Jan 2020: I am the author of Wikistats 1: reports and data about the Wikimedia wikis, their authors and usage. I started this in 2003 (less than a year after I discovered Wikipedia and became an instant convert). I continued expanding and maintaining these scripts in my 10+ years as Wikimedia Data Analyst (Sep 2008 - Jan 2019).

Wikistats 1 is now gradually being replaced by Wikistats 2, a complete overhaul done by the WMF Analytics Team. One of the purposes of this article is to grasp where we stand in the transition to Wikistats 2.

I also intend to collect info about Wikistats 1 here for reference and easy access (even I have difficulty to find some data files I created). Whenever an opinion is included, it will be my personal view, and of course may contain my personal biases. Therefore this can not be considered official documentation.

Data

An often heard complaint about Wikistats 1 was that the raw data weren't available for external processing. Actually many were/are available, but were hard to find, and often undocumented. I'll provide some pointers here.

Page views per project, per wiki, per month

Jan 2020: For page views per wiki, our archives, and counts from these archives are still updated and refreshed daily (hurray!).

  • Hourly page views (from two sources) have all been packed into one yearly tar file
These data have been patched on at least two occasions, in order to correct for massive under-counting (up to 40% of messages were not counted for +/- 8 months).
  • Csv files on multiple aggregation levels have all been packed into one zip file. This huge file is still refreshed daily (Jan 2020: size 122 MB).

In the zip file there is a separate folder for each project (wikipedia, wiktionary etc). Each folder contains counts per language since 2008 (some counts started later, e.g. to WMF mobile site). Counts have been broken down by day, week, month, day of week, overall total per language. A white list of genuine language codes is used to remove cruft.

Note: file projectviews_per_month_all_projects_html.csv is an exception, in that it contains html code snippets, which are reused in the last step of the batch process for the highest level overview report.

Defunct: File projectviews_per_hour_all.csv only contains counts till 2017 (and none even for Wikipedia).

Defunct: Files projectviews_per_month_popular_wikis_normalized_[yyyy][mm].csv were generated for all projects into one file, which was stored in the folder for Wikipedia data. It was only meant to be used in the original Monthly Report Card, and is no longer updated.

Page views per article, per hour

(see also section Reports below for Wikistats 2 alternative)

There are two sets of public data files about page views per article. One published per hour, one aggregated into monthly chunks, but still with hourly granularity (and extrapolations for missing hours). These files go back to

I consider this the most important data stream from Wikistats 1. It is not about Wikimedia projects per se. It is about what the world at large did seek to learn, in our age. I see it as complementary to the Twitter Archive at the Library of Congress. If only we had such a treasure trove for data archaeologists from e.g. WW II, it would be used by many scholars.

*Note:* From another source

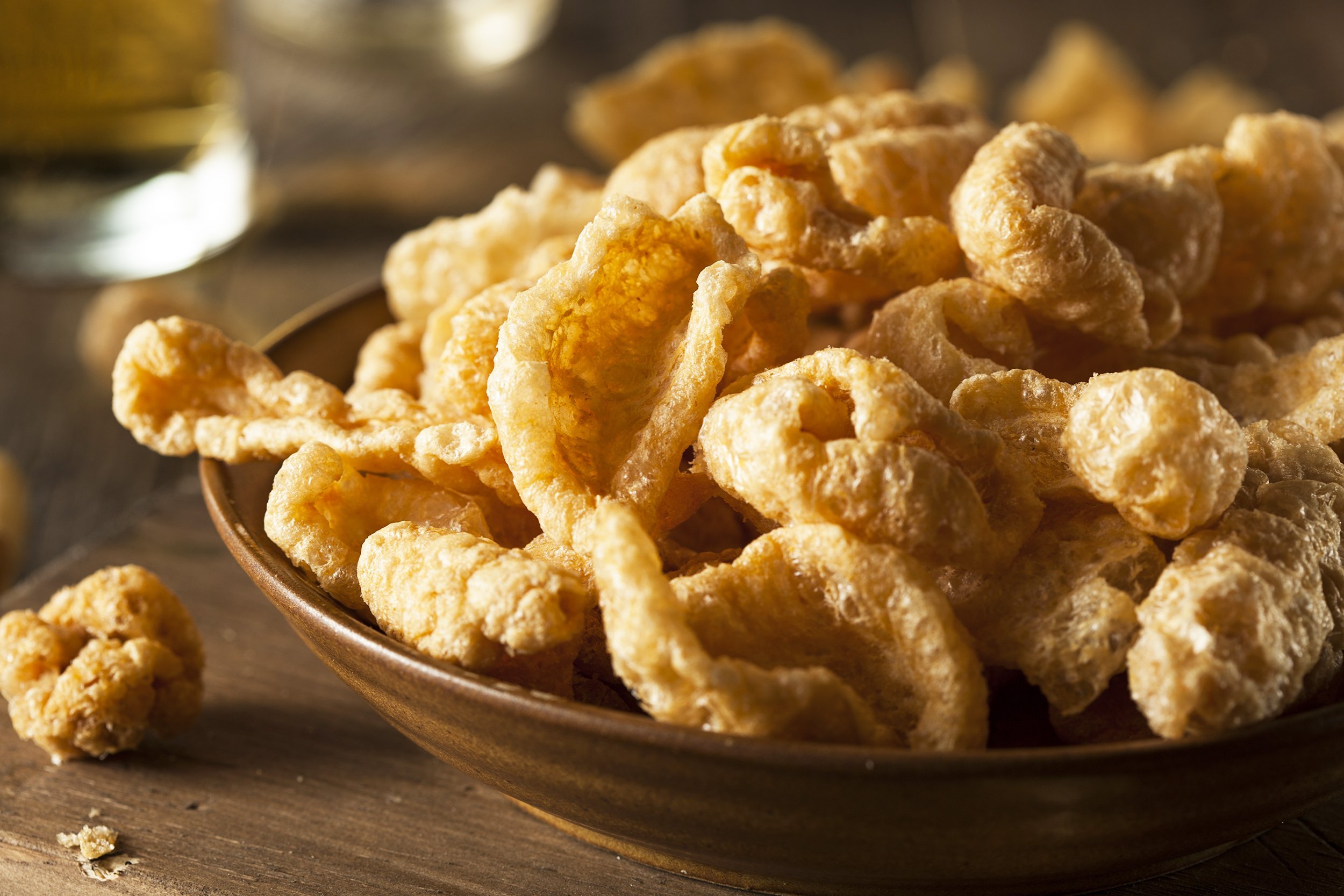 homemade pork rinds in bowl on table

Its importance will grow in coming decades, as the data age and ripen. BTW it was a community project (shout-out to Mathias Schindler) that I took over, as it was better to keep it going on Wikimedia servers.

There is some redundancy for those data files, as hourly and monthly files are both publicly available (albeit on same server, which therefore forms a single point of failure). Who wants to download and archive 720 hourly dumps when there is an aggregate version with no granularity lost, and less than one percent of the cumulative size of those 720?!

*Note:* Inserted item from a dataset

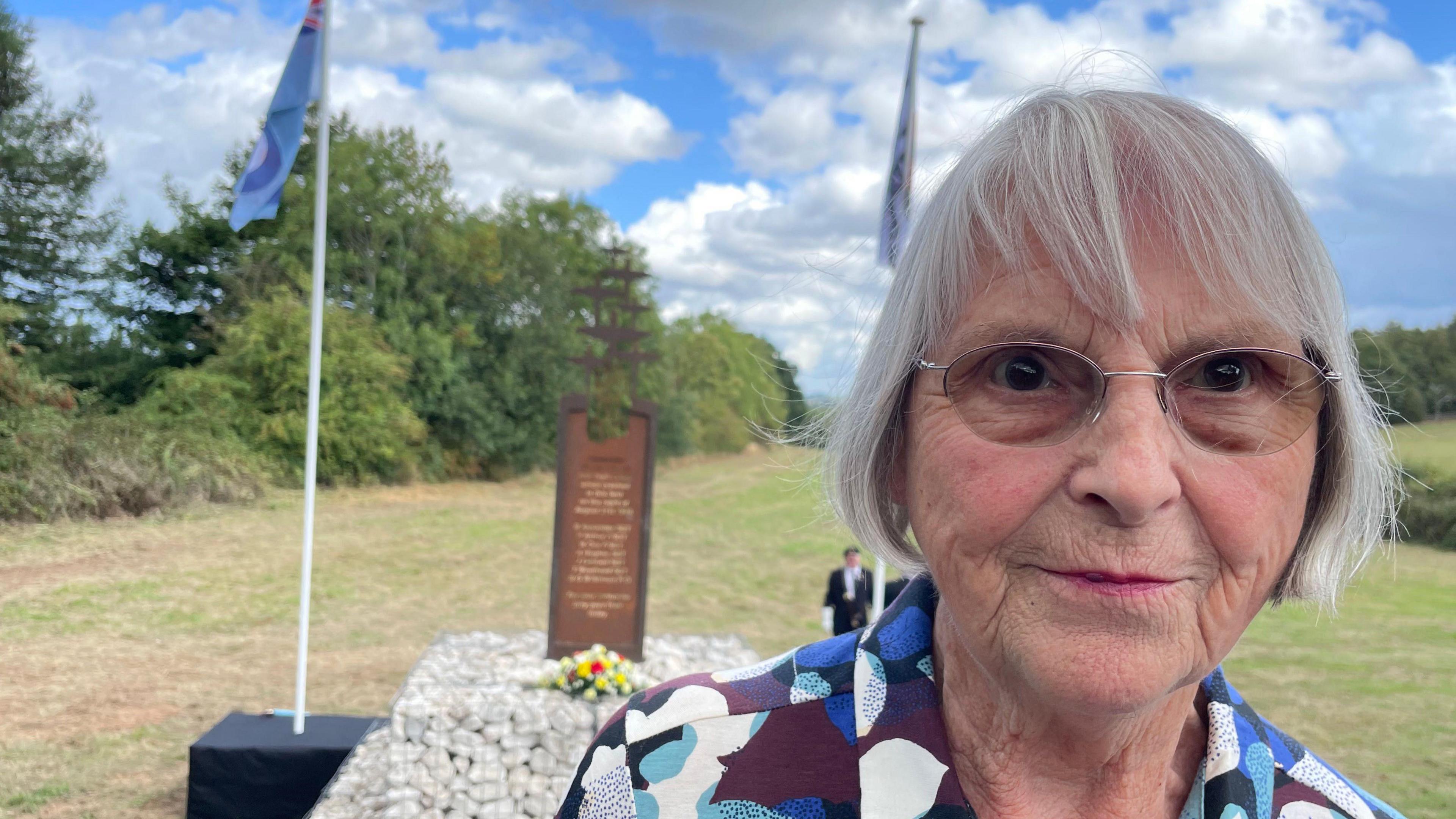 Mary Main, looking at the camera, with the memorial visible over her shoulder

So the data gathering and publication is OK, and quite robust. But as for long term preservation, I'm not so sure about that part, with a single copy on dumps.wikimedia.org. That's why I started to backup to hdfs with its much better redundancy and fail-over. That hdfs backup part of my script is broken now. Dan replied on Phabricator that he wants to take care of this. Thanks much, Dan :-)

These data files go back to 2008, when page view counts became available. Please be aware that the page view definition changed in 2015, when a.o. requests by bots were no longer in the data, and mobile traffic got fully counted.

Data collected from database dumps

These data have been collected up till Jan 2019. Data archive is here.

Reports

Page views per project, per wiki, per month

Wikistats 1 partial screenshot of page views report
Wikistats 1 partial screenshot of page views report


Wikistats 1 reported on page views for nearly all Wikimedia wikis in many variations. These reports are still generated daily, but are no longer published.[1]
Older versions of the reports (March 2019) are online: example, list of all reports.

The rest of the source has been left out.